**REQUIRED ACTION:**
From the first line to the last, output the data exactly as it stands, minus its pictures.

Extracted records
━━━━━━━━━━━━━━━━━━━━

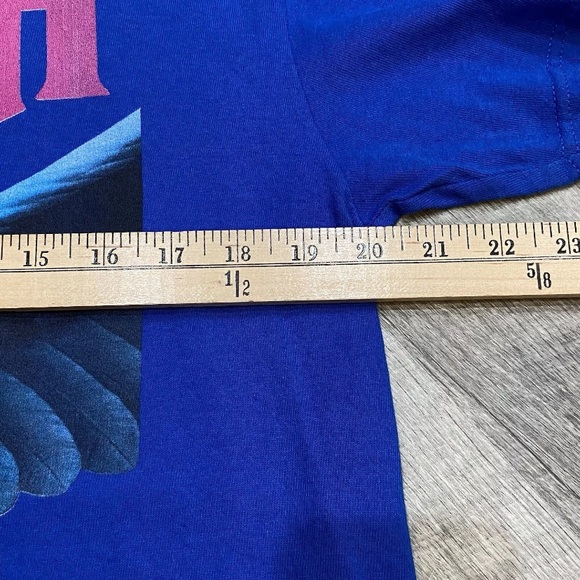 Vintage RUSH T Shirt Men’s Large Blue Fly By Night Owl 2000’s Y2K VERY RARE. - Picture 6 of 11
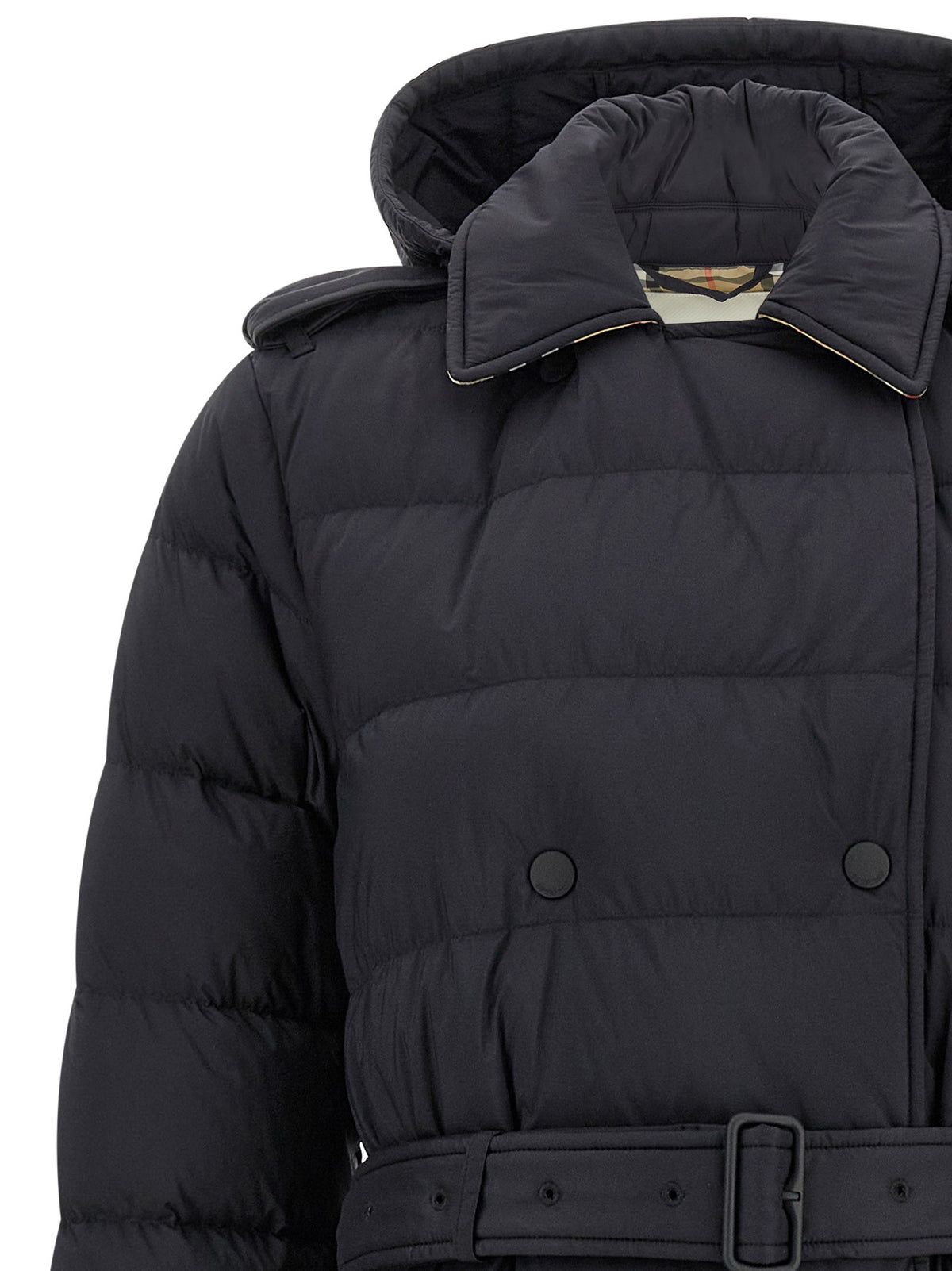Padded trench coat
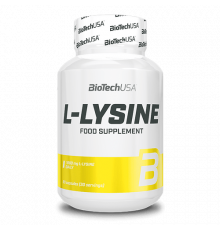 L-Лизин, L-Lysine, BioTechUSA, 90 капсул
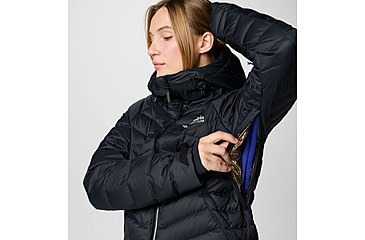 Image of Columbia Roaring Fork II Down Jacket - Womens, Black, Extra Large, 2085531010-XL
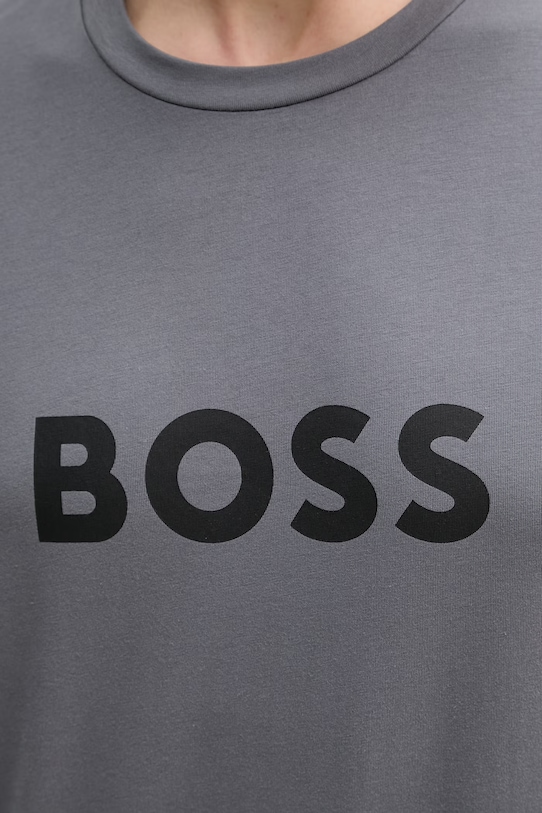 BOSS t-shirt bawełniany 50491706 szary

━━━━━━━━━━━━━━━━━━━━

**TASK OUTPUT:**
 Vintage RUSH T Shirt Men’s Large Blue Fly By Night Owl 2000’s Y2K VERY RARE. - Picture 6 of 11
Padded trench coat
 L-Лизин, L-Lysine, BioTechUSA, 90 капсул
 Image of Columbia Roaring Fork II Down Jacket - Womens, Black, Extra Large, 2085531010-XL
 BOSS t-shirt bawełniany 50491706 szary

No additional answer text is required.